One of the striking things bout Roberto Bolaño’s astounding By Night in Chile is the way the narrator escapes from the evil abroad during the Pinochet regime in Chile by re-reading philosophers.
In Bernhard Schlink’s The Reader—last month’s book at the Atwater Library—the illiterate woman whom the narrator loves is captivated by books, and may be said to find her personal salvation in learning how to read and learning to repent for what she’d done as a Nazi guard.
Tonight and tomorrow I’m talking about Muriel Barbery’s The Elegance of the Hedgehog in which the concierge Renée soars above her surroundings by reading the classics of Western literature—as well as watching a lot of good films (from Blade Runner to Ozu’s artistic wonders) and listening to good music.
But it is last night’s discussion of Mister Pip by Lloyd Jones which gives me the most food for thought. In it, the one white man left on the island of Bougainville during a time of intense suffering and civil war reads Charles Dickens’ Great Expectations to children who have no other book. The story captivates them, and when the book is burnt along wit the village, they attempt to retrieve bits of it, as both an exercise in survival and a way of thinking about other things than the destruction around them. Yet at the end of the book we learn that the version Mr.

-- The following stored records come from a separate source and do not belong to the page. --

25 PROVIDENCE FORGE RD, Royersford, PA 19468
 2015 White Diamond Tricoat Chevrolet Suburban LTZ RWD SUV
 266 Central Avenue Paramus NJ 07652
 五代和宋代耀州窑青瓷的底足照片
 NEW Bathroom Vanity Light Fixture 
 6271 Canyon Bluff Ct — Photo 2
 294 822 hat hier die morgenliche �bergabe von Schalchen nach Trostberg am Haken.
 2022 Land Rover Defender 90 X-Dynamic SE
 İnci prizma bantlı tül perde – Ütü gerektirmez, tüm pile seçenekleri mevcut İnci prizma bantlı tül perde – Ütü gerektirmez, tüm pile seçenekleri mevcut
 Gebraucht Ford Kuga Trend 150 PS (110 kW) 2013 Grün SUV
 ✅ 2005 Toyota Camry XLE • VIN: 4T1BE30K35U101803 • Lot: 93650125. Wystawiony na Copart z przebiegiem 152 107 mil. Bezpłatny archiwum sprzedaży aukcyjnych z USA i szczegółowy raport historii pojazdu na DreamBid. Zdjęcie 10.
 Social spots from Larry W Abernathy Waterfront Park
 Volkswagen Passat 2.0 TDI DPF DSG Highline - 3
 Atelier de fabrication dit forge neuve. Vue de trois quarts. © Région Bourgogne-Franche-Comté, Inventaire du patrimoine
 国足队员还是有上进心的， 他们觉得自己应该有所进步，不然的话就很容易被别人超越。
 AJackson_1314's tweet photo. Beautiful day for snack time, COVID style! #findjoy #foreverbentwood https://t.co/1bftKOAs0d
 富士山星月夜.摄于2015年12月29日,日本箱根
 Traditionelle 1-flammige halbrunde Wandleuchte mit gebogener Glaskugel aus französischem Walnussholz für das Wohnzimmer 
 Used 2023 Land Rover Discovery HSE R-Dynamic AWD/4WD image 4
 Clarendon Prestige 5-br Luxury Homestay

Watts read was not the real one, but a simplified, maybe even crudely changed one.
At a time when books as objects made from printed paper are becoming increasingly problematic, this concern about stories and books is very interesting. Perhaps all these books—which obviously have touched a deep chord in people all over the world, as reflected in their enormous sales---shine a light on the human need for a narrative to explain life.
If we don’t have one, we’ll invent one.